France played down hopes on Monday of clinching a deal at a meeting of G20 finance ministers this week that would push forward efforts to deal with global economic imbalances, although it said that remained its goal.

The divide over which indicators should be used to measure imbalances -- a starting point for dictating what needs to be done to make the world economy work better -- is the latest sign of renewed discord in the group of leading powers.

President Nicolas Sarkozy has had to scale down his ambitions to revamp the international monetary system during a year-long stewardship of the G20, instead focusing on targeted reforms like the list of indicators and commodity regulation.

But even those generate strong differences, only two years after the group found consensus on a grand plan to deal with the financial crisis and prevent future repeats. We hope ... to reach agreements (this week) on economic performance indicators which will allow us to measure the way toward the optimal point, Economy Minister Christine Lagarde told a news conference.

Our hope is to reach agreement on indicators as soon as next Saturday. If we do not, it is not a drama.

A summit in Seoul last year mandated France to reach agreement in the first half of 2011 on a list of indicative guidelines for quantifying imbalances -- the most obvious of which include China's huge trade surplus and Germany's dominance of its European peers on exports.


Disagreement has persisted between rich and developing nations over which indicators to select, with G20 officials saying China in particular is resisting pressure from developed nations to include factors like real effective exchange rates and the level of foreign assets.

Lagarde told the Financial Times in an interview published on Monday that a combination of political posture and positioning was making progress difficult only days away from meetings on Friday and Saturday.

She said that while there was a basic understanding that any indicators should measure commercial imbalances, there was a long debate on whether to include the trade balance with its flows of products and whether to include flows of services.

G20 officials say that China would prefer to be assessed on its trade account, which it has pledged to gradually reduce as it boosts domestic demand, rather than on its current account.

The current account would include interest payments on China's nearly $3 trillion in reserves which reflect its accumulated past trade surpluses.

Data on Monday showed China's trade surplus fell to its lowest in nine months in January after imports surged, supporting the government's case ahead of the G20 meeting that it is doing enough to spur domestic demand without speeding up currency appreciation.


European Union members of the G20 want the list to include current account balance, public deficit and debt, private debt, savings ratio, net foreign asset position, reserve adequacy and real effective exchange rates, according to an EU document obtained by Reuters.

Lagarde said that if the meeting this week could seal agreement on the list of indicators, then deciding numeric limits on them would be the next stage.

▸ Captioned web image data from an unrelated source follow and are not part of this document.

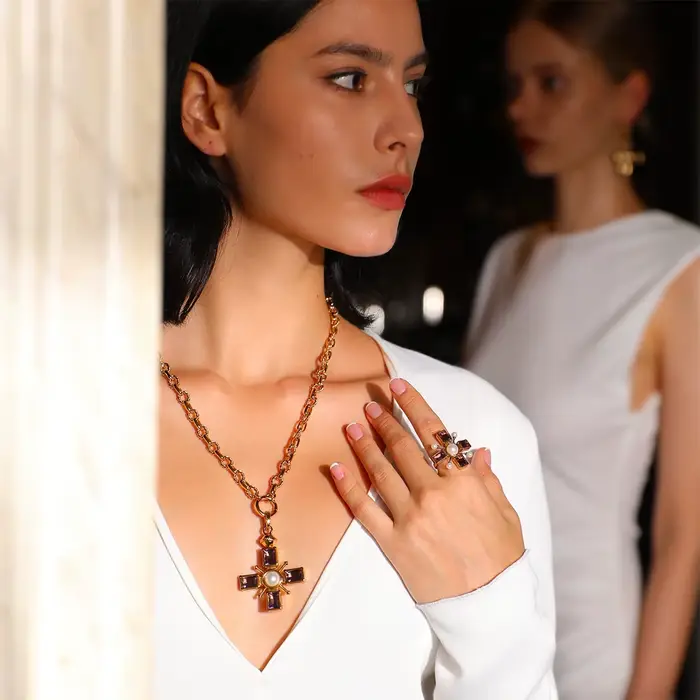 Yori – collier avec pendentif croix en zircone cubique Fine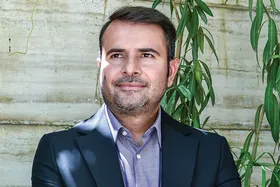 گفتگو با حمید مقدم&zwnj;متین داور بین&zwnj;المللی فوتبال ساحلی ایران | قاضی موفق میدان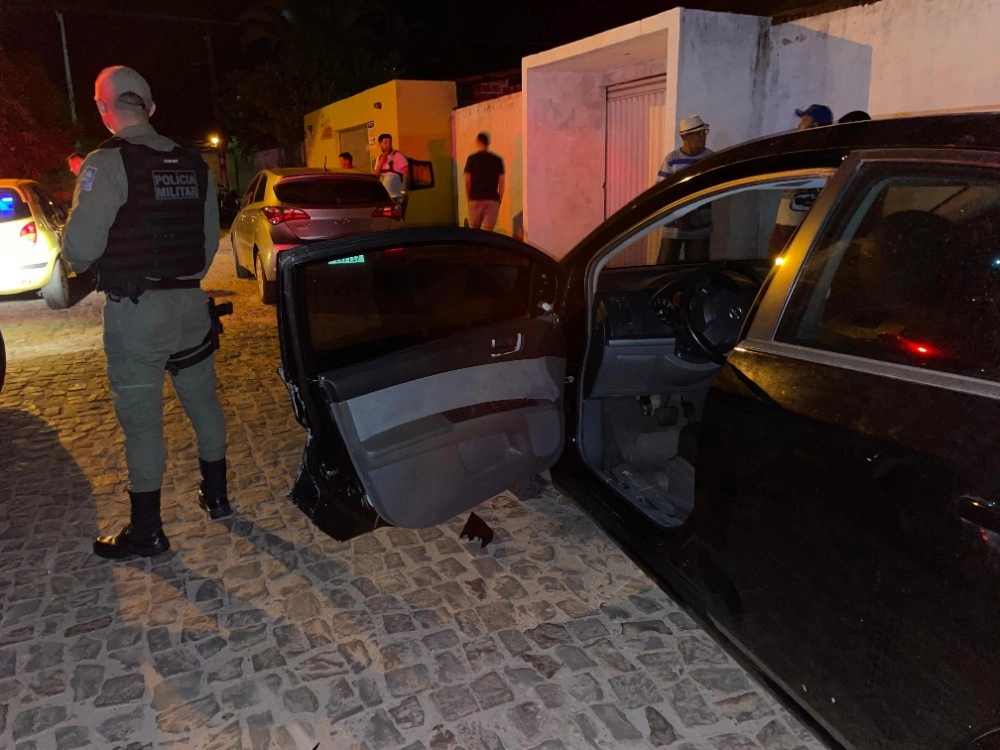 Motorista atropela homem e colide com três veículos em Pedro II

Ministers from the group meet again in Washington in April.

Bank of France Governor Christian Noyer, who will host his fellow G20 central bankers this week, said the debate on imbalances was not intended to be a finger-pointing exercise at countries with large deficits or surpluses.

The exercise consists of looking for the structural weaknesses of each of the 20 countries to see how they can be reduced, he said at the same event as Lagarde, citing the examples of savings and investment.

France has also made seeking agreement on tougher regulation to curb volatility in food and fuel prices a priority.

But here too it faces a deep split between major producers of commodities who oppose draconian market curbs, and the big consumers of commodities who want greater control of prices.

Lagarde tried to assuage what she said were concerns voiced by large emerging economies such as Brazil. We do not want to propose that prices are administered, not at all, she said.

As part of French President Nicolas Sarkozy's aim of reshaping the international financial system, Paris is also pushing for the inclusion of China's yuan currency in the basket of currencies underpinning the IMF's Special Drawing Rights -- part of a shift toward what Sarkozy dubs a multipolar world.

Lagarde stressed, however, that China would have to meet conditions on the convertibility of the yuan and liberalize its current account for its currency to be included in SDR.